◆ SUPPLIED MATERIAL
------------------------

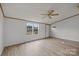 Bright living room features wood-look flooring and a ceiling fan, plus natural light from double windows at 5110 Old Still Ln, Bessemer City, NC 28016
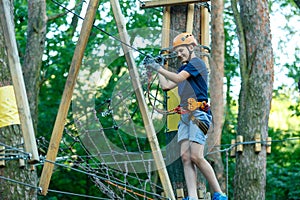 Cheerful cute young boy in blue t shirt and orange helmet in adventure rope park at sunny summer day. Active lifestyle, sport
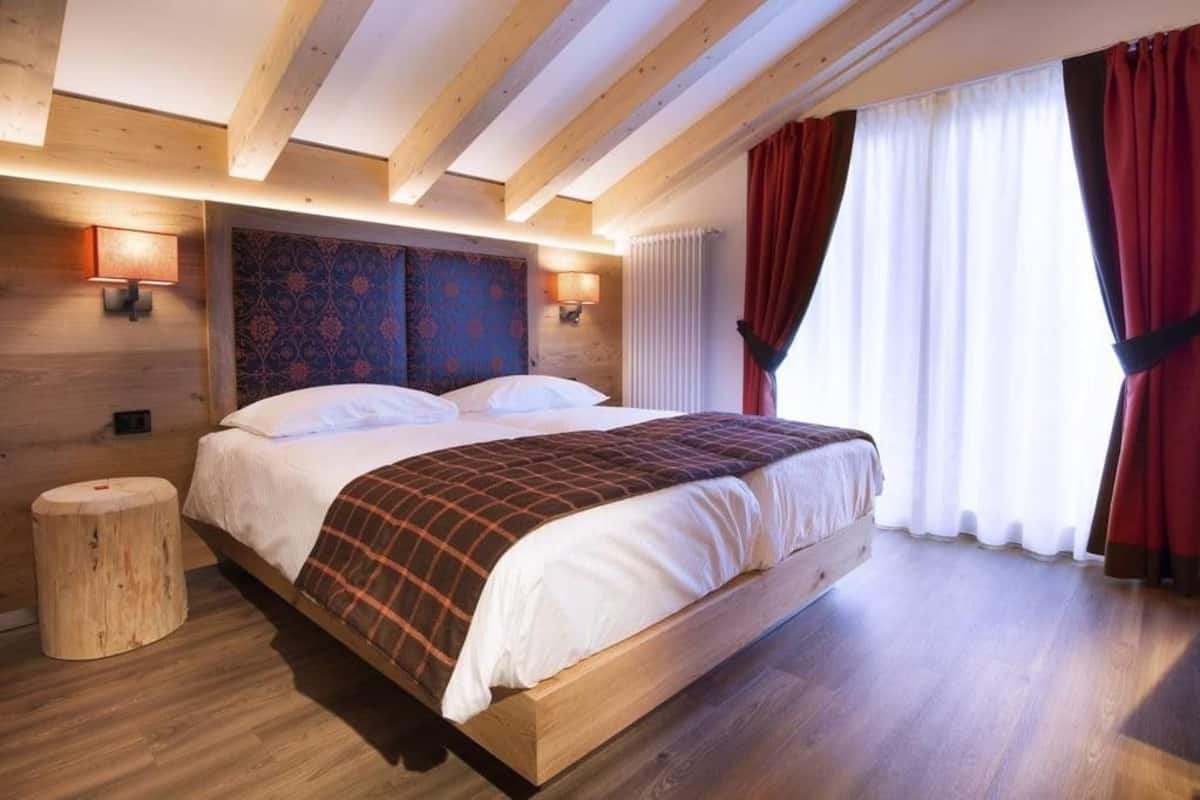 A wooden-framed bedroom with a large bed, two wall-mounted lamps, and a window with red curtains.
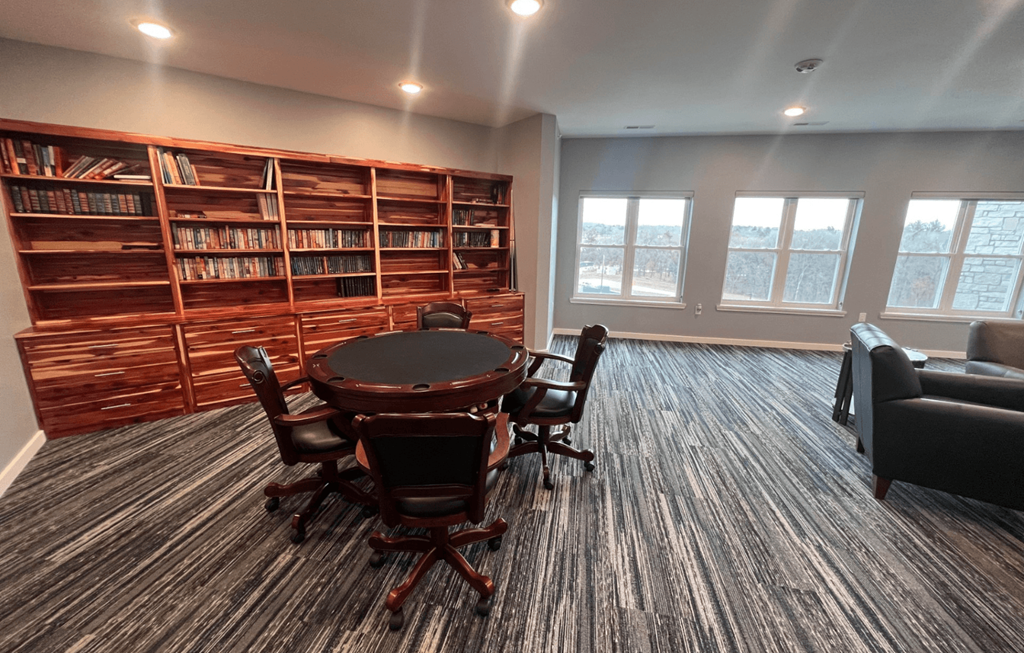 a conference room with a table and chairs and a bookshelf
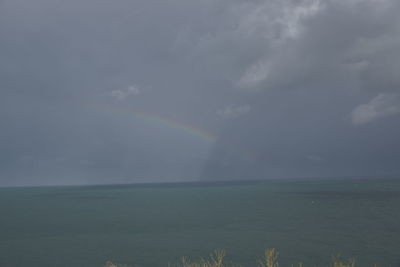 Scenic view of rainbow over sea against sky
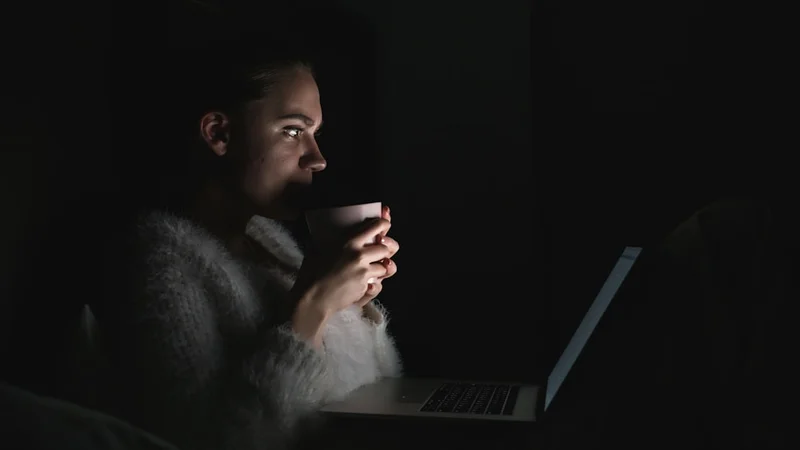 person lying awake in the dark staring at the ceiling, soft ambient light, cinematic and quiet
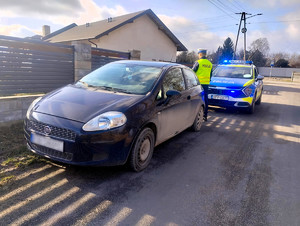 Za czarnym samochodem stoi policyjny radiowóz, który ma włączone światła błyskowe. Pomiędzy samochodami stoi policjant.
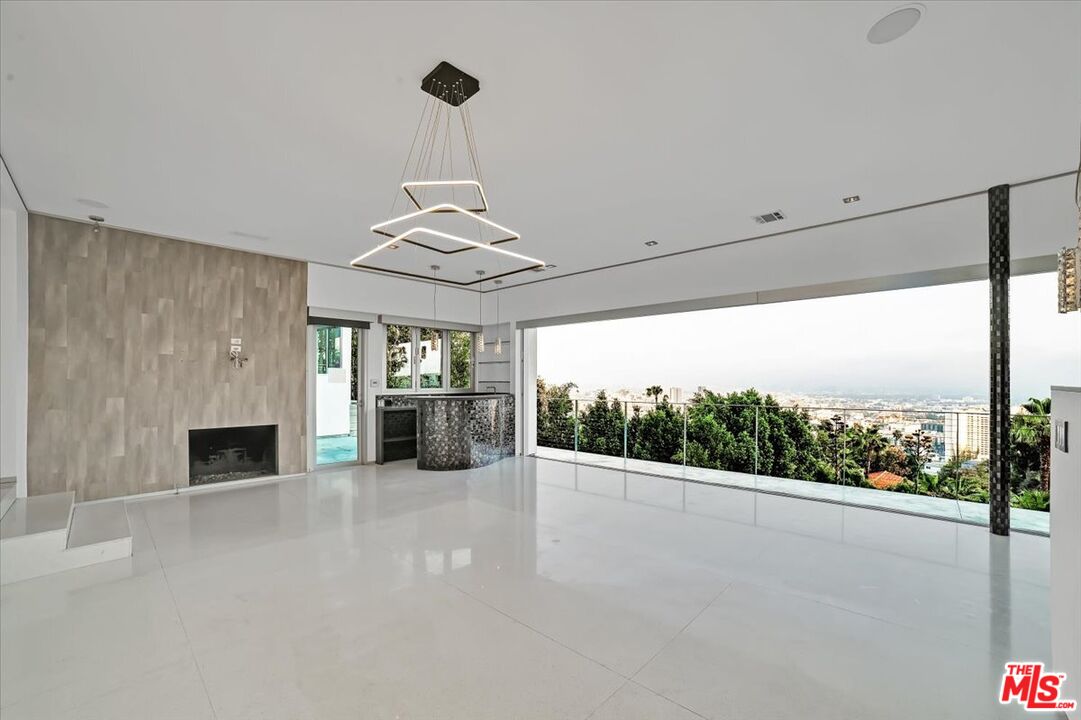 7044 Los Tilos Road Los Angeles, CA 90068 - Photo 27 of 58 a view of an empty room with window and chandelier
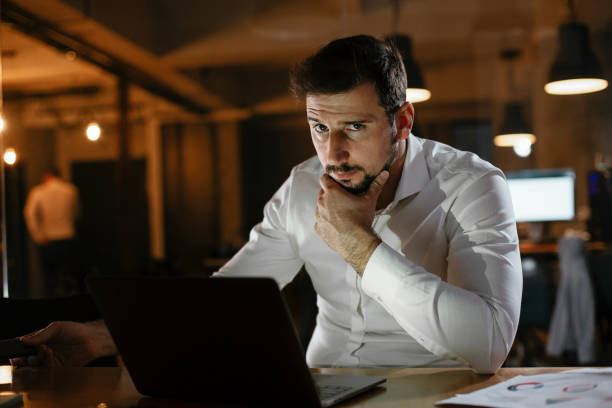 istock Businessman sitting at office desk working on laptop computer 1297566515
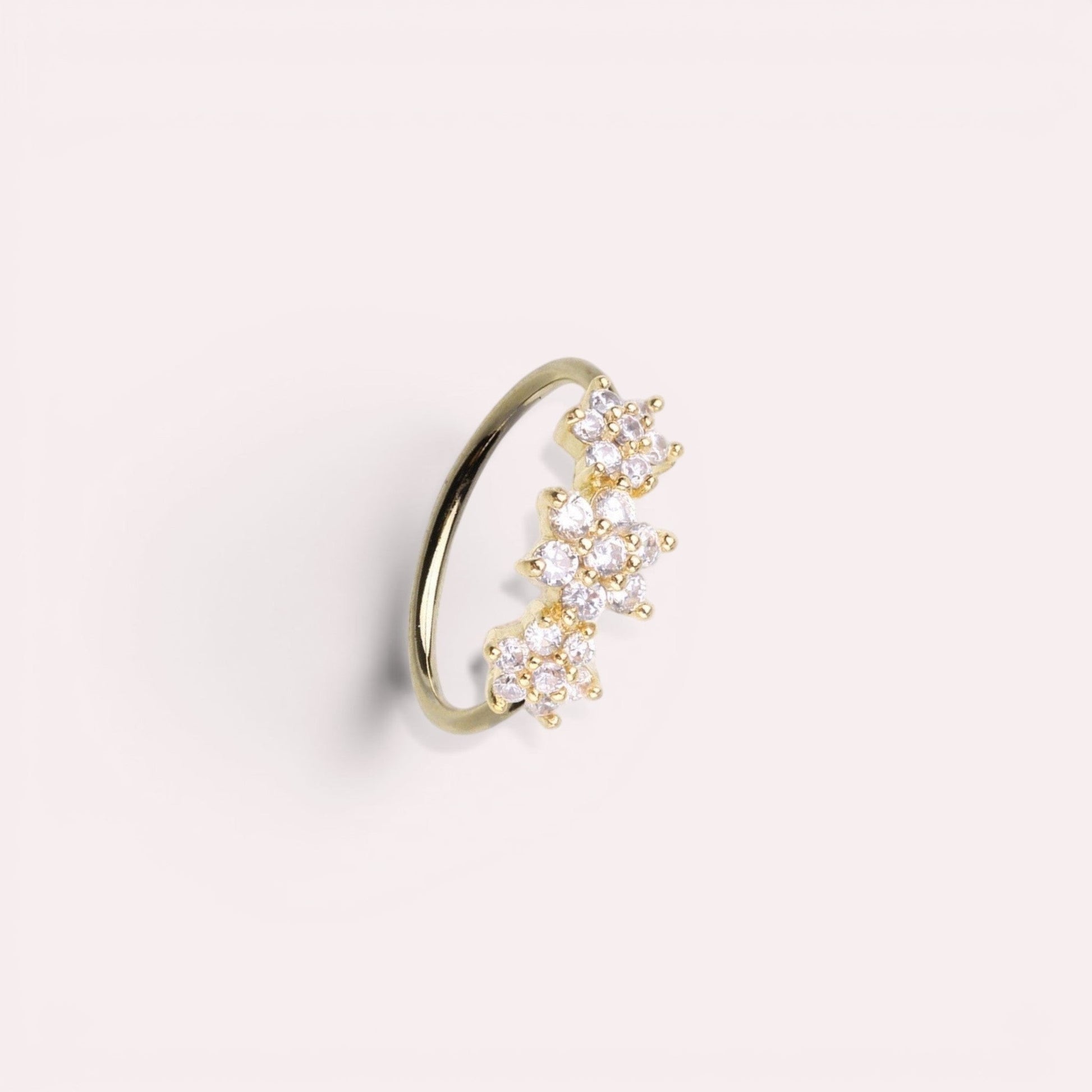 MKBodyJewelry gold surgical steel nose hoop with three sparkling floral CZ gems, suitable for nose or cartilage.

------------------------

◆ ACTIVITY
Without the pictures, return the listing above from its first line through the line that has "A wooden-framed bedroom".

◆ EXERCISE OUTPUT
 Bright living room features wood-look flooring and a ceiling fan, plus natural light from double windows at 5110 Old Still Ln, Bessemer City, NC 28016
 Cheerful cute young boy in blue t shirt and orange helmet in adventure rope park at sunny summer day. Active lifestyle, sport
 A wooden-framed bedroom with a large bed, two wall-mounted lamps, and a window with red curtains.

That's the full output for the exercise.